Quanto às questões que mais afligem a população no dia a dia, Trump prometeu a volta da “maior economia do mundo”, menos impostos e baixar a inflação, bem como estimular a produção interna ao invés de importar tudo.

Ao contrário do que promete Trump, os anos dourados não vão voltar por causa dele voltar para a Casa Branca. A história não acabou e os Estados Unidos estão mergulhados na maior crise política desde pelo menos 1968, outro ano de eleições presidenciais marcado por assassinatos, guerras e o colapso de um governo.

Agora, o colapso é da candidatura Biden e sua aposta na guerra contra a Rússia para acumular para o enfrentamento com a China. Na realidade, a grande divisão na cabeça do império é sobre quem privilegiar como inimigo principal, se a Rússia, para acumular para o enfrentamento com a China, ou se deve partir imediatamente para o confronto com Pequim.

Apesar da encenação de JD Vance como símbolo do recém remodelado Partido Republicano, supostamente encorpado pelos vêm de baixo, a plataforma aprovada não esconde que o partido segue a serviço dos monopólios e dos magnatas – do corte de impostos para os super-ricos até o arrocho dos benefícios sociais, saúde e educação, além da ojeriza a qualquer tipo de política ambiental e fluxo ininterrupto de dinheiro para o complexo industrial-militar e suas guerras.

Além de sinalizar que parcela da plutocracia norte-americana cada vez mais dúvida da capacidade de gerenciar a crise sem apelar para o fascismo.

Quanto à capacidade do trumpismo de unir os norte-americanos, nada como a estrondosa acolhida dos convencionais e convidados ao lutador Hogan, que os brindou com: “todos vocês, criminosos, todos vocês, canalhas… o que vocês farão quando Donald Trump e todos os maníacos trumpers atacarem você, irmão”, sob aplausos, segundo a mídia.
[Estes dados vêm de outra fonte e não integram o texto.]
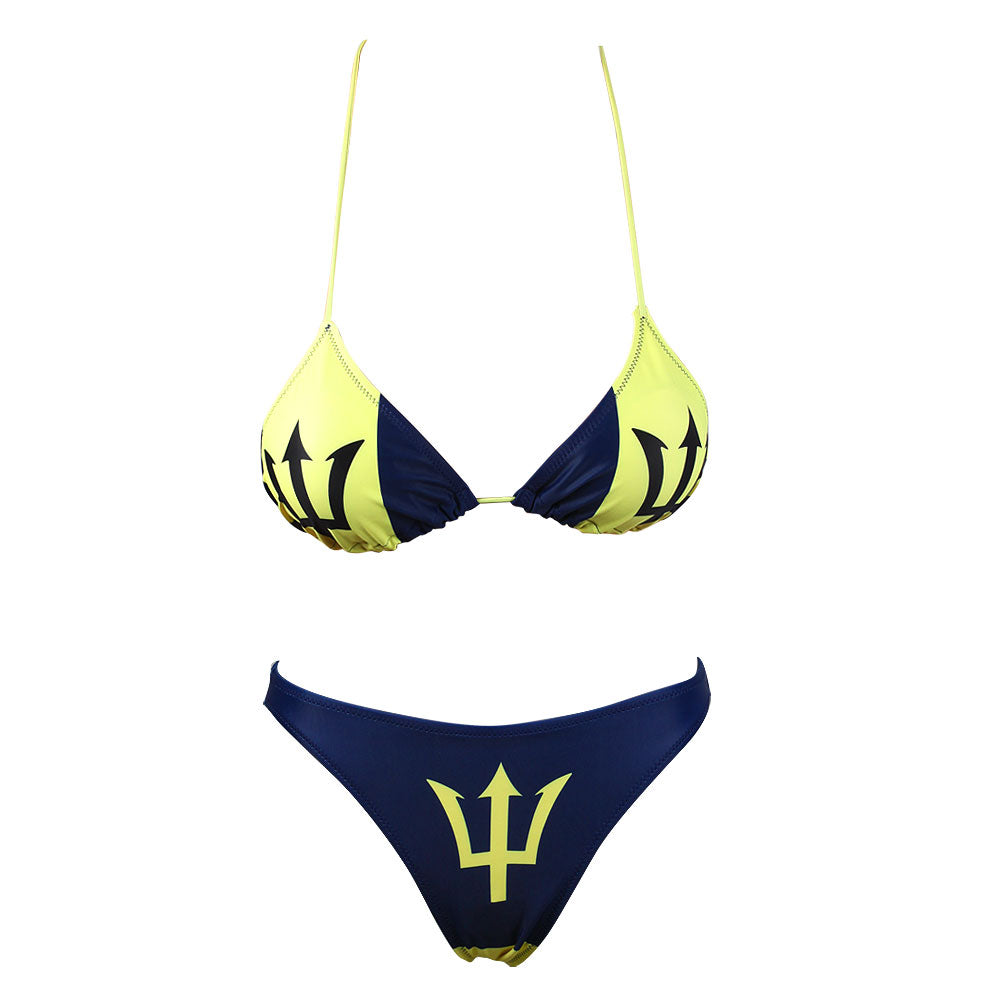 Women's Fashion Jamaican Caribbean Rasta African Grassland Yellow Red Green Bikini Swimsuit Swimwear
Com tal espírito de pacificação, Trump fica parecendo aquele escorpião da anedota, e resta ver se é tão imbatível quanto aparentou na foto de sábado. Até aqui, as pesquisas seguem dando Trump vencendo nos Estados-pêndulo, aqueles que decidem o resultado no colégio eleitoral, ainda que por margem estreita. Nos próximos dias deverá se resolver se ele vence Biden por WO ou não, decisão nas mãos dos democratas.